Implikacje są przerażające: oparty na zasadach porządek jest martwy. Sprawiedliwość, równość i odpowiedzialność to fikcja dla potężnych. Stany Zjednoczone i ich sojusznicy, samozwańczy strażnicy moralności, ujawniają hipokryzję w selektywnym stosowaniu prawa. Popierają instytucje, gdy im to pasuje, i ignorują je, gdy nie. Ten podwójny standard jest jasny dla globalnego południa, które postrzega system jako narzędzie hegemonii. Walka Palestyńczyków to mikrokosmos: światem rządzi siła.
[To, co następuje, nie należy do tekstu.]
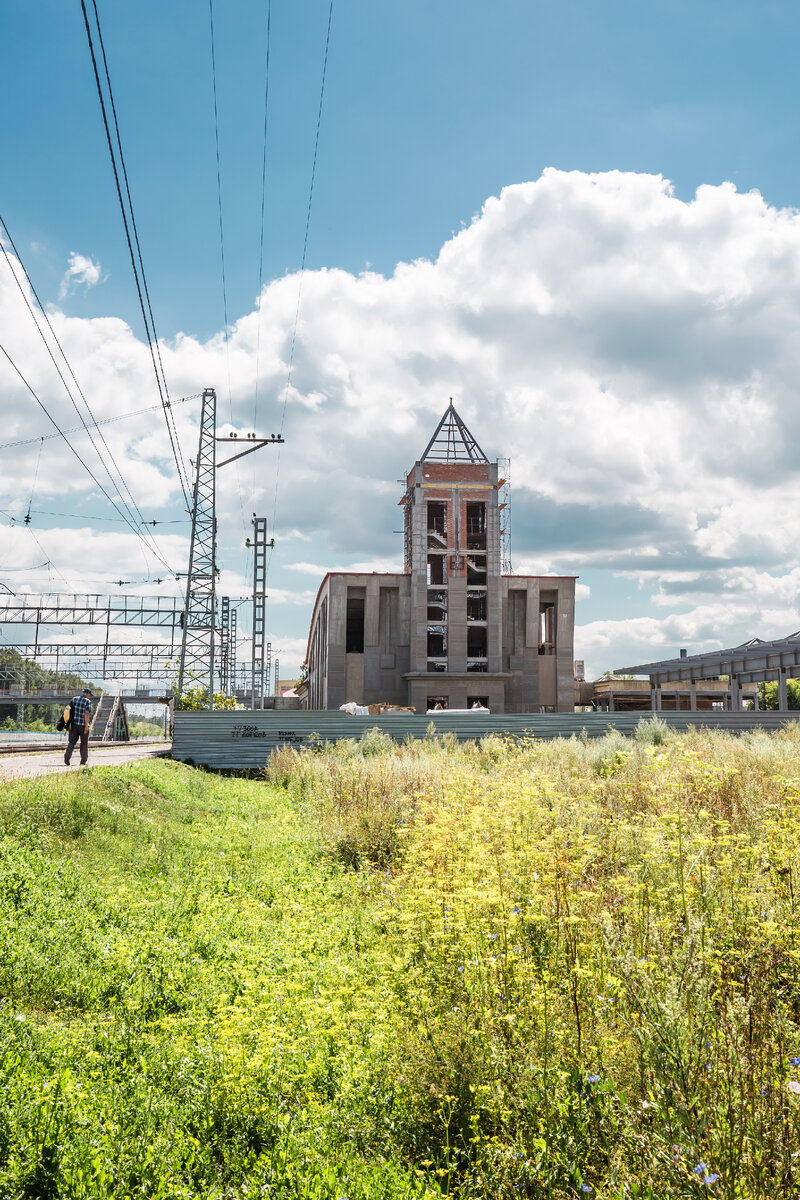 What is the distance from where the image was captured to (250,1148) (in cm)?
378

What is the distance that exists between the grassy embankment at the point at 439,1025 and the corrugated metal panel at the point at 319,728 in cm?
1678

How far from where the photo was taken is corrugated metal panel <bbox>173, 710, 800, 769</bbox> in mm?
24969

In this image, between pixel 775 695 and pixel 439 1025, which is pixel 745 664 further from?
pixel 439 1025

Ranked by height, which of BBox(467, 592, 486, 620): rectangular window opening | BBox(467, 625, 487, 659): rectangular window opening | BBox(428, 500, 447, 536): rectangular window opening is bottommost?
BBox(467, 625, 487, 659): rectangular window opening

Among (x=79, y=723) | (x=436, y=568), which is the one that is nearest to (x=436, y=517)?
(x=436, y=568)

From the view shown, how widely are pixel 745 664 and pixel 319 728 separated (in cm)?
2429

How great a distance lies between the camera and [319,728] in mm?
25297

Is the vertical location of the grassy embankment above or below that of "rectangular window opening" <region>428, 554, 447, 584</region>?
below

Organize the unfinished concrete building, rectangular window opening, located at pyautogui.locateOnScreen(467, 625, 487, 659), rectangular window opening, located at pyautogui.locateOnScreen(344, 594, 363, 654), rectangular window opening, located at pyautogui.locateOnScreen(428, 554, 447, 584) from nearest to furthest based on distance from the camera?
the unfinished concrete building < rectangular window opening, located at pyautogui.locateOnScreen(467, 625, 487, 659) < rectangular window opening, located at pyautogui.locateOnScreen(428, 554, 447, 584) < rectangular window opening, located at pyautogui.locateOnScreen(344, 594, 363, 654)

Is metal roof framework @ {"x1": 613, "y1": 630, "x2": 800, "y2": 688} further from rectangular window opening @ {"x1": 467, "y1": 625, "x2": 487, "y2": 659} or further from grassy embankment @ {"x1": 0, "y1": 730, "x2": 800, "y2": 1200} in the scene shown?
grassy embankment @ {"x1": 0, "y1": 730, "x2": 800, "y2": 1200}

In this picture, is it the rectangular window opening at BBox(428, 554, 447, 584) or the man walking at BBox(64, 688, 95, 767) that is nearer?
the man walking at BBox(64, 688, 95, 767)

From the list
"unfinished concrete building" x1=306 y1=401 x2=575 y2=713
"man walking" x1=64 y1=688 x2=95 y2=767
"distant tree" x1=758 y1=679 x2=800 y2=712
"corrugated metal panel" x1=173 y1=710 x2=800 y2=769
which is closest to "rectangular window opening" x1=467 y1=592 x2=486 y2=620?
"unfinished concrete building" x1=306 y1=401 x2=575 y2=713

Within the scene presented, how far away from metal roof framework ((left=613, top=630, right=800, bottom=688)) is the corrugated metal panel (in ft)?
31.5

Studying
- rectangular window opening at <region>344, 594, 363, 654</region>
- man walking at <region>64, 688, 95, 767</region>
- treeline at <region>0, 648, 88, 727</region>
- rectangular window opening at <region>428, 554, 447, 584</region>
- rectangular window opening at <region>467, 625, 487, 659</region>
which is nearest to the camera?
man walking at <region>64, 688, 95, 767</region> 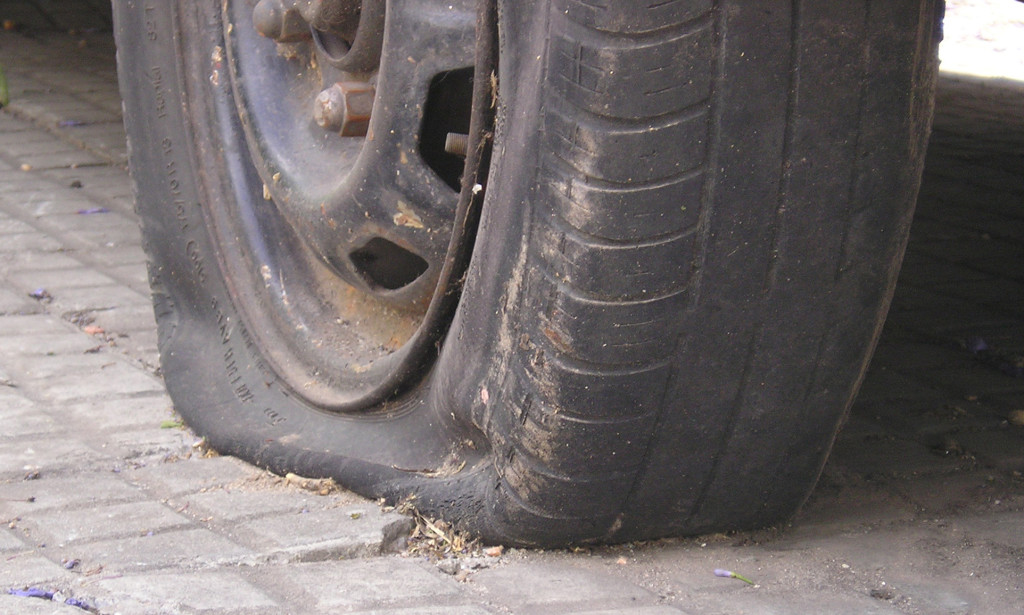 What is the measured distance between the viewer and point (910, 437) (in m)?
2.27

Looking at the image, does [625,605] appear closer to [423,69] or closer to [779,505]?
[779,505]

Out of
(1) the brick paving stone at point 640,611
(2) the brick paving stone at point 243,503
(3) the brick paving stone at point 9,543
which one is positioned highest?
(1) the brick paving stone at point 640,611

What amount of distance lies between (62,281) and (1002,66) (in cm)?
421

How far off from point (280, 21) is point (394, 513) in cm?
92

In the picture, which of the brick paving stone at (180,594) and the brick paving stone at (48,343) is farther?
the brick paving stone at (48,343)

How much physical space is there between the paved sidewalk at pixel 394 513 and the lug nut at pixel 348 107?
0.60m

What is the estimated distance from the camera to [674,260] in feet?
5.08

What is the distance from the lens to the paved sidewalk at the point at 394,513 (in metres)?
1.68

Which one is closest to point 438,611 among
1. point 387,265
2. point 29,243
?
point 387,265

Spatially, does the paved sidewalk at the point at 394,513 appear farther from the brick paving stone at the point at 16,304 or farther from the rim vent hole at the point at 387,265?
the rim vent hole at the point at 387,265

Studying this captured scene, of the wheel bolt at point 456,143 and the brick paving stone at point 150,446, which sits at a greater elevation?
the wheel bolt at point 456,143

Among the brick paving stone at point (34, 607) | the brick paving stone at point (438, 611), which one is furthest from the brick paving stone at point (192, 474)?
the brick paving stone at point (438, 611)

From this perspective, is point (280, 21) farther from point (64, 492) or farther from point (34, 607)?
point (34, 607)

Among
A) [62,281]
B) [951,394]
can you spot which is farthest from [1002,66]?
[62,281] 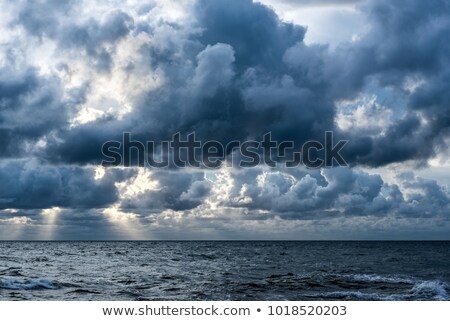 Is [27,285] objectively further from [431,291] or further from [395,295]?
[431,291]

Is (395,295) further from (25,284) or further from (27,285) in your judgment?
(25,284)

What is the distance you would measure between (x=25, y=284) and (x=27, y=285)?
2.01 ft

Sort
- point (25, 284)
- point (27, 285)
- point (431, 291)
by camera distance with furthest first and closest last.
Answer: point (25, 284), point (27, 285), point (431, 291)

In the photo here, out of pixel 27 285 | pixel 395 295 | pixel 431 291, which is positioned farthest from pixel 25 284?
pixel 431 291

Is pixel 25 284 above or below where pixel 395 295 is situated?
above

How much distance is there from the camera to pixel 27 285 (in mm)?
37438

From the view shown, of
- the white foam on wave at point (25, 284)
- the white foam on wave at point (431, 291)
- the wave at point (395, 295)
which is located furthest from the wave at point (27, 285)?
the white foam on wave at point (431, 291)

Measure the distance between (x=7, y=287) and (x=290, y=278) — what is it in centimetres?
2371

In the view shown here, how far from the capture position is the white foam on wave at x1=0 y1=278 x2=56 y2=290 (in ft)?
120

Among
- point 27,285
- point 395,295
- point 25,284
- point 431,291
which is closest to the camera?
point 395,295

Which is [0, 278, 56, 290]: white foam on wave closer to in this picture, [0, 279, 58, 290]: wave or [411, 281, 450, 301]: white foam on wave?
[0, 279, 58, 290]: wave

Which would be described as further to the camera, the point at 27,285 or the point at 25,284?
the point at 25,284

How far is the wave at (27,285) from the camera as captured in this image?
36.5m

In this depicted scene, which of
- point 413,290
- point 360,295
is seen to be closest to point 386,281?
point 413,290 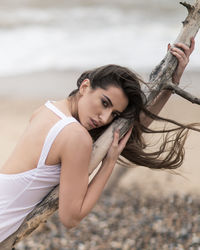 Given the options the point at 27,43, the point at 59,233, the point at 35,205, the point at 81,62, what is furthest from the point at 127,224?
the point at 27,43

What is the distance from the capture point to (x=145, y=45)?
513 inches

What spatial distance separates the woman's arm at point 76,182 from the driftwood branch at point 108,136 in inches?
3.3

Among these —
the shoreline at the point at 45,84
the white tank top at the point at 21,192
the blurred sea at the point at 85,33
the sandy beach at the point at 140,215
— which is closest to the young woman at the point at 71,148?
the white tank top at the point at 21,192

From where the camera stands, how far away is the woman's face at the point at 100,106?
100 inches

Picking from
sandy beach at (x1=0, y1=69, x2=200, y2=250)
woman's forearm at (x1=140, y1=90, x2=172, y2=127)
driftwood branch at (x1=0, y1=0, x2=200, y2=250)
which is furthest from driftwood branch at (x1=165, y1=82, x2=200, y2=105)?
sandy beach at (x1=0, y1=69, x2=200, y2=250)

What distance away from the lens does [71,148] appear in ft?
7.84

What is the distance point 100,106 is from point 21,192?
0.60m

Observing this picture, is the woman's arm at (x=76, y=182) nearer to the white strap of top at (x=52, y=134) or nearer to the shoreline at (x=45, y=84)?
the white strap of top at (x=52, y=134)

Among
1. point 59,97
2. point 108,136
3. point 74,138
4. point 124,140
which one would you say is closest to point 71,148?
point 74,138

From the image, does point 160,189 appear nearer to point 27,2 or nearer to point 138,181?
point 138,181

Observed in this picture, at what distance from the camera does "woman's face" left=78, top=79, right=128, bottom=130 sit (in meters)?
2.55

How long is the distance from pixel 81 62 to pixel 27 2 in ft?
22.0

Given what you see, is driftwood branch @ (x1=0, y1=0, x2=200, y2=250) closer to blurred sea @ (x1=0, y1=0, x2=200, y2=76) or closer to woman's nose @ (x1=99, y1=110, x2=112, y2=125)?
woman's nose @ (x1=99, y1=110, x2=112, y2=125)

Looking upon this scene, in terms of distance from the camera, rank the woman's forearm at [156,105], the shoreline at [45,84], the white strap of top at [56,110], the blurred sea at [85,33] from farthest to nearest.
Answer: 1. the blurred sea at [85,33]
2. the shoreline at [45,84]
3. the woman's forearm at [156,105]
4. the white strap of top at [56,110] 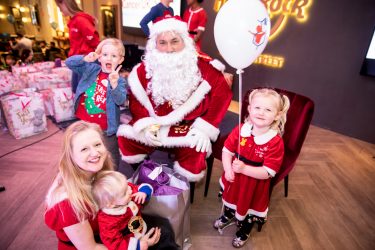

Niepowodzenie w pociągnięciu Netanjahu do odpowiedzialności to objaw – świata, w którym prawo jest bronią potężnych, a nie tarczą dla bezbronnych.
Ludzkie cywilizacja, z ideałami postępu i praw, jest krucha. Cierpienie Palestyńczyków, spotykane z obojętnością, podkreśla brak cywilizowanego porządku. Żyjemy w świecie, w którym władza określa prawdę, silni popełniają okrucieństwa, a słabi błagają o sprawiedliwość. Niepowodzenie w pociągnięciu rządu Netanjahu do odpowiedzialności ujawnia głębszą chorobę – świat, w którym rządzi prawo dżungli, a cywilizacja to mit.
Podsumowując, trudna sytuacja Palestyńczyków pod rządami Netanjahu obnaża pustkę prawa międzynarodowego i mit opartych na zasadach porządku. Nakazy MTK, wyroki MTS i rezolucje Zgromadzenia Ogólnego ONZ są bez znaczenia bez działań Zachodu i przy wsparciu USA dla Izraela. Globalny system, daleki od cywilizowanego, działa na zasadzie siły. Dla Palestyńczyków to żywa rzeczywistość przemocy i rozpaczy. Prawo dżungli rządzi, a dopóki świat nie zmierzy się z tą rzeczywistością, sprawiedliwość pozostanie marzeniem, poza zasięgiem tych, którzy najbardziej jej potrzebują.